Concerns about the US labor market and support for multiple rate cuts could affect US dollar demand. Comments on the size of a September rate cut may be crucial for the USD/JPY pair.

According to the CME FedWatch Tool, the probability of a 50 basis point September Fed rate cut was 24.5% on Tuesday, compared to 75.5% for a 25-basis point cut. A 50-basis point September rate cut could fuel speculation about a 100-basis point cut to the FFR in September, November, and December.

A more dovish Fed rate path may support a USD/JPY fall through 143.

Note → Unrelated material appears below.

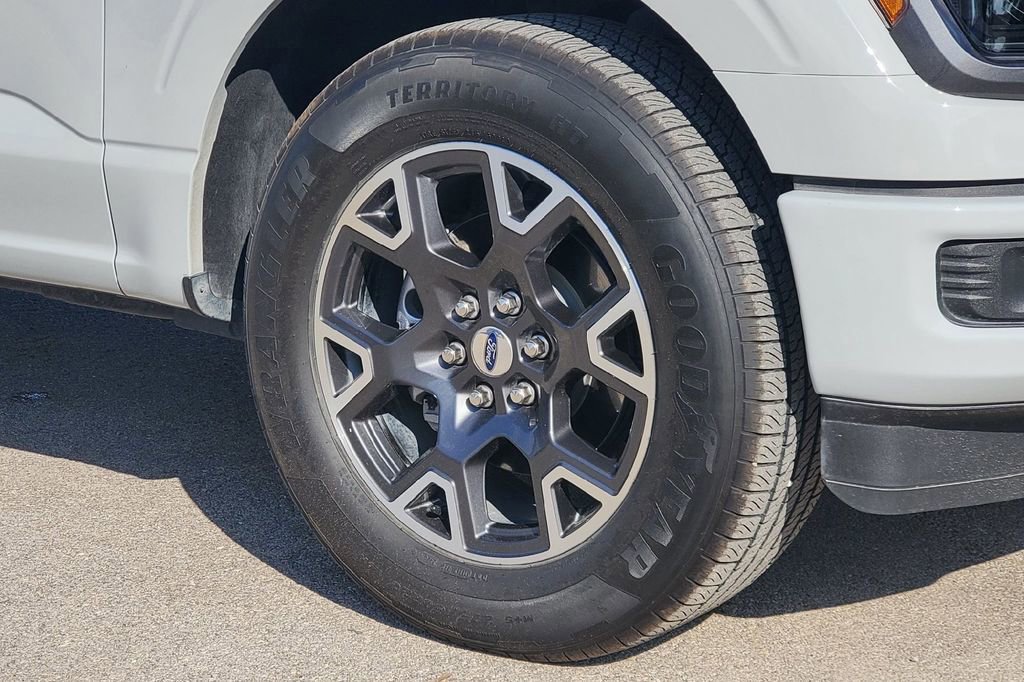 Certified 2024 Ford F150 STX RWD image 8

Expert Views on the US Labor Market

Arch Capital Global Chief Economist Parker Ross remarked on the New York Fed’s latest Labor Market Survey, stating,

“Key Takeaway: There is growing concern about job loss and a corresponding decline in workers expecting to move to a new employer, particularly among workers aged 45 and under. The results of this survey are yet another reflection of how concerned consumers are about the labor market, even as the Fed has only recently declared it “balanced.”

A deteriorating US labor market may give the doves the upper hand, possibly supporting a more aggressive 50-basis point September rate cut.

Short-term Forecast: Bearish

USD/JPY trends will depend on trade data from Japan, upcoming services PMIs (Thurs), and central bank forward guidance. Positive data from Japan and support for a Q4 2024 BoJ rate hike could pull the USD/JPY below 143.  Weak data from the US and rising bets on a 50-basis point September Fed rate cut may signal a fall toward 140.

Investors should remain alert. Monitor real-time data, central bank insights, and expert commentary to adjust your trading strategies accordingly. Stay updated with our latest news and analysis to manage USD/JPY volatility.

USD/JPY Price Action

Daily Chart

The USD/JPY sat well below the 50-day and 200-day EMAs, confirming the bearish price trends.

A USD/JPY breakout from the 145.891 resistance level would support a move toward 147.500. A return to 147.500 could give the bulls a run at the 148.529 resistance level and the trend line.

Economic indicators from Japan, the FOMC Meeting Minutes, and central bank commentary require consideration.

Conversely, a drop below 145 could give the bears a run at the 143.495 support level. A fall through the 143.495 support level may bring the 141.032 support level into play.

The 14-day RSI at 31.65 suggests a USD/JPY break below 145 before entering oversold territory.